Furthermore, the army commanders know full well that they have no answers to Soviet economic problems nor a panacea for national strife. At best they could provide a breathing space to restore public order. Their political instincts are with the platform of the Russian right-wingers, but such a policy would only aggravate tension, further alienate the Ukrainians and bring about, sooner or later, a total collapse of the Soviet Union in the worst possible circumstances.

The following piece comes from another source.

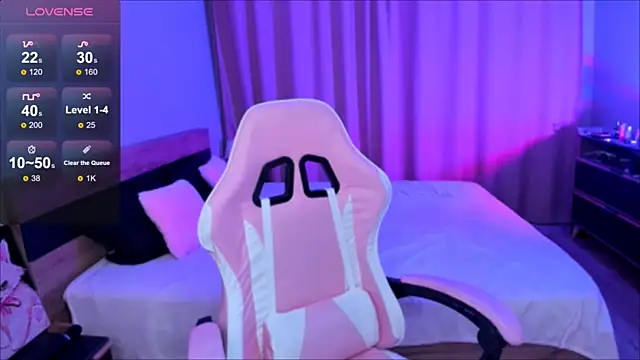 MiaScarlettt online show from September 23, 2025, 7:10 pm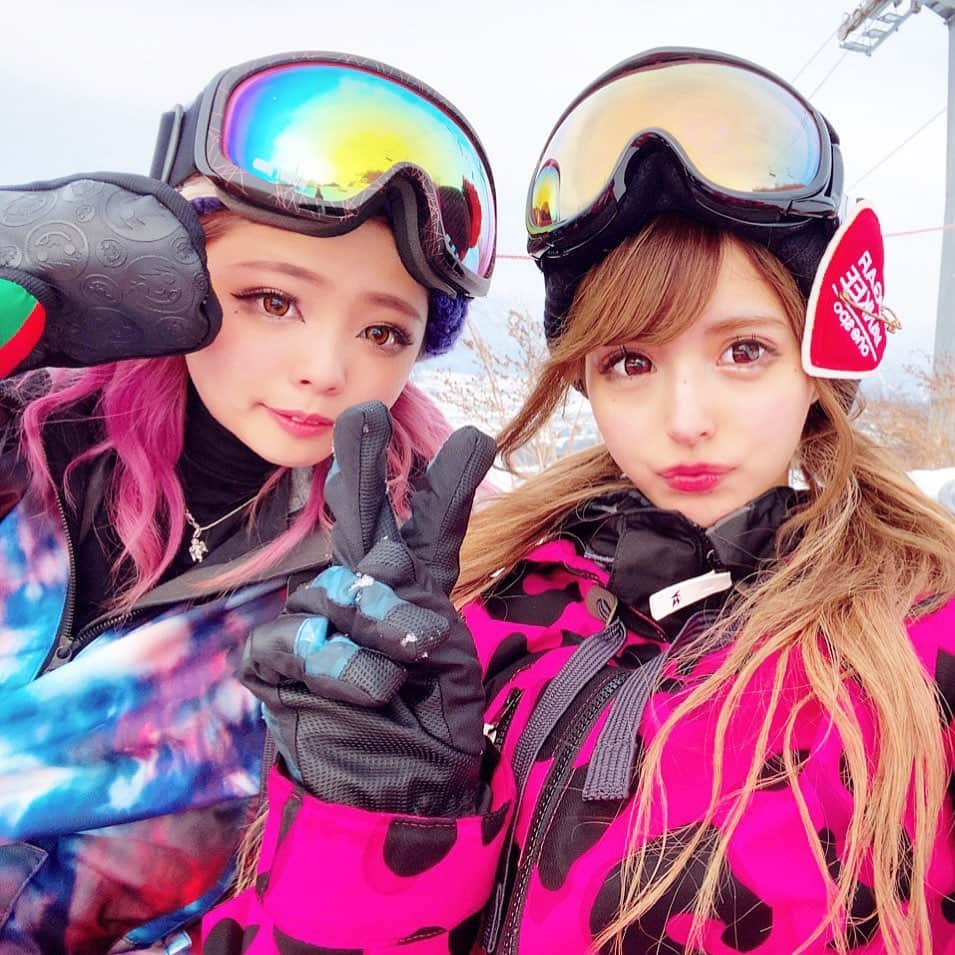 アンジェリカさんのインスタグラム写真 - (アンジェリカInstagram)「🏂💖💜 . スノボ楽しすぎた−‼︎ 上越国際行ってきた−笑 筋肉痛やばみ…笑寒いとおもってたけど暑いくらいだったからよかた−😌❤︎ . 帰りは温泉入って釜飯食べて充実でした−❤️ . 🏂💜💖 . #上越国際スキー場 #新潟 #スノボ #スノボコーデ #スノボーウェア #ピンク#セルフィー #bff #カラコン #ファッションコーデ #コーデ」2月16日 12時27分 - ange1115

There is a slightly more hopeful scenario: the emergence of an army- and KGB-supported Committee of National Salvation, a coalition of Gorbachev, Yeltsin and representatives of other leading groups from Moscow and the periphery. It could be too late for this chance. In any case, such a coalition too, would have only a year or two at its disposal to carry out orderly separation as far as some republics are concerned, and to find a new basis for confederation with others who want to maintain some form of contact.

Medieval philosophers endlessly discussed the question of whether or not nature abhors a vacuum. In politics, a vacuum seldom endures for long.

It is also true that the fear of disorder is more strongly felt in some societies than in others. Russians are among those with a pronounced fear of this kind; if there should be a further deterioration in the situation, the demand for a strong hand will be overwhelming. In the absence of a personality in the Napoleonic mold, someone of lesser stature will do.

It would be the ultimate irony if the Soviet government, which for the more than 70 years of its existence has lived in fear of “Bonapartism,” called in the military to assure its political survival. And it would also be the end of Soviet power as we have known it.